In most anomaly detection problems, a lot of normal data is given, and the task is to detect
anomalies that deviates from the normal data. 
**Anomaly detection** algorithms model the data distribution and then report samples atypical in the distribution as anomalies.

There are various **ML** algorithms which are used for **Anomaly Detection**, in the notebook below we will explore some of those **ML** algorithms. Its hard to find datasets for **Anomaly Detection** hence we will mixture of Fraud, synthetic and vision data.
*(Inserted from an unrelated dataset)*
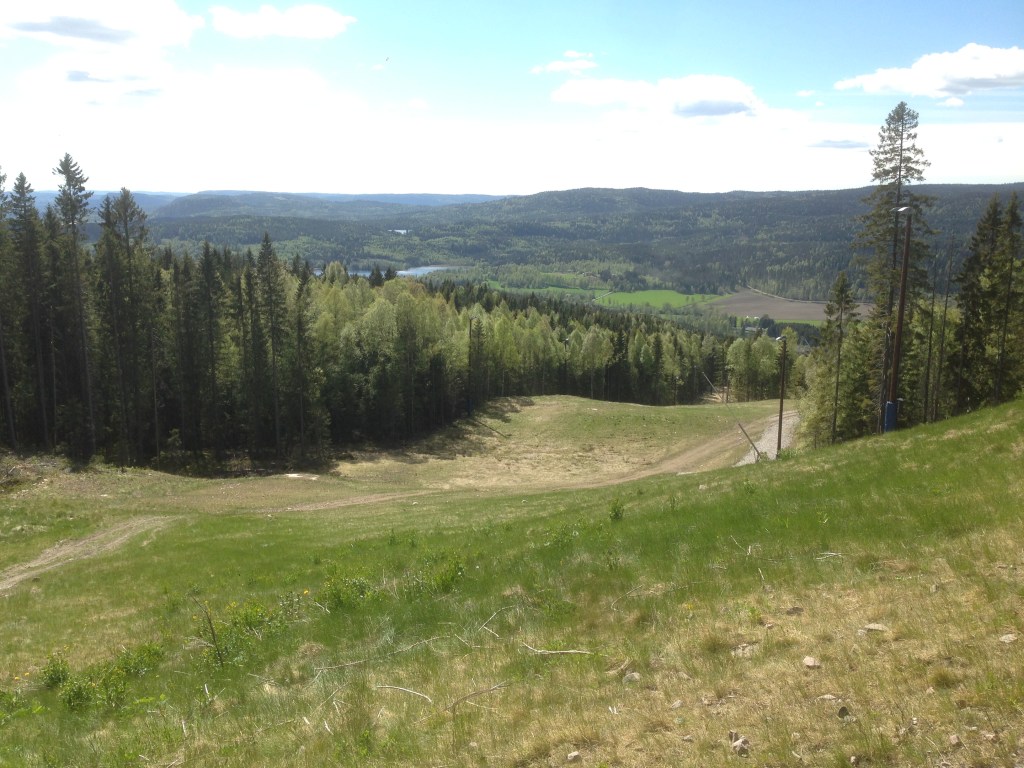 The view from the serpentine next to Wyllerløypa with the valley Sørkedalen in all its glory.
Some of the ML algorithms we will explore are:
1. Density-Based Anomaly Detection method like, **DBSCAN**.
2. Support Vector Machine-Based Anomaly Detection, **One Class SVM**.
3. Decision tree-Based Anomaly Detection, **Isolation Forest**.
4. Deep Neural Network-Based Anomaly Detection, **Autoencoders**.
5. GANs-Bases Anomaly Detection, **GANomaly**.
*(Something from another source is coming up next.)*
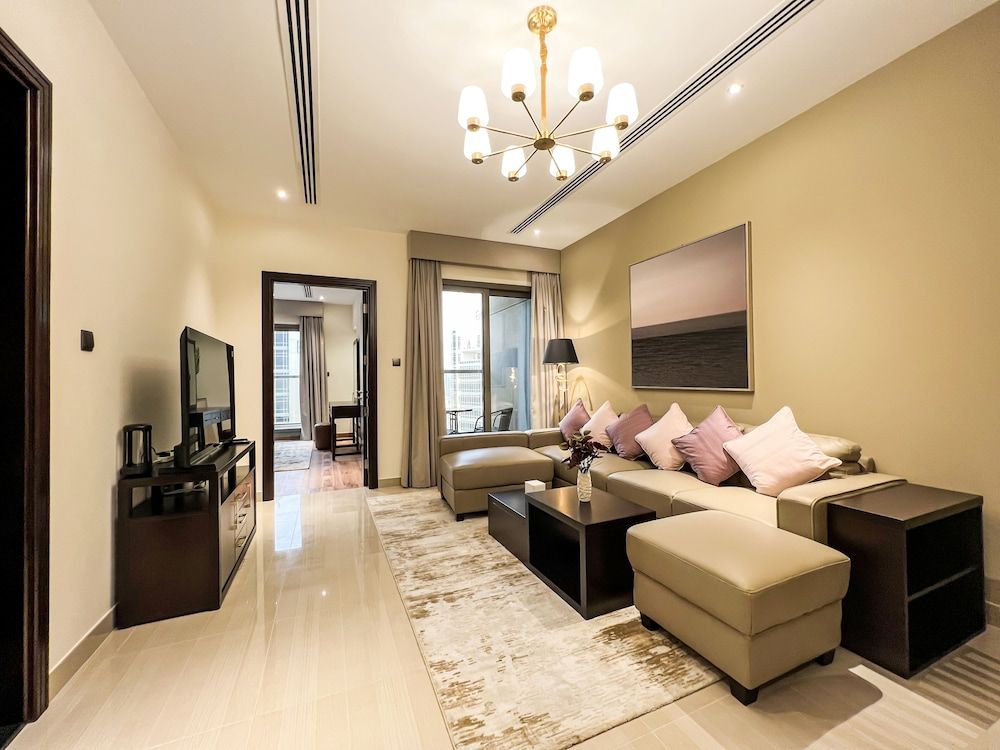 Luton Vacation Homes - Elite Downtown Residence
Some of the techniques like **DBSCAN** and **One Class SVM** are traditional **ML** techniques and others like **GANomaly** are cutting edge model deep learning techniques. Also there are many other methods which have been successfully applied to **Anomaly Detection** above list is a representative yet wide selection of methods in literature.

## Methods
### DBSCAN

**Density-based spatial clustering of applications with noise (DBSCAN)** is a very popular clustering algorithm proposed by Martin Ester et.al. 
https://www.aaai.org/Papers/KDD/1996/KDD96-037.pdf

It is a density-based clustering algorithm: given a set of points, it groups together points that are closely packed together, marking as anomalous the points that lie alone in low-density regions. One advantage of **DBSCAN** over **KMeans** is it can identify non circular clusters too. Below we show an example of using **DBSCAN** to identify anomalies/outliers in synthetic data. One of the limitation of **DBSCN** is it struggles from **Curse of dimensionality**, as the data becomes more higher dimensional **DBSCAN** underperfoms. 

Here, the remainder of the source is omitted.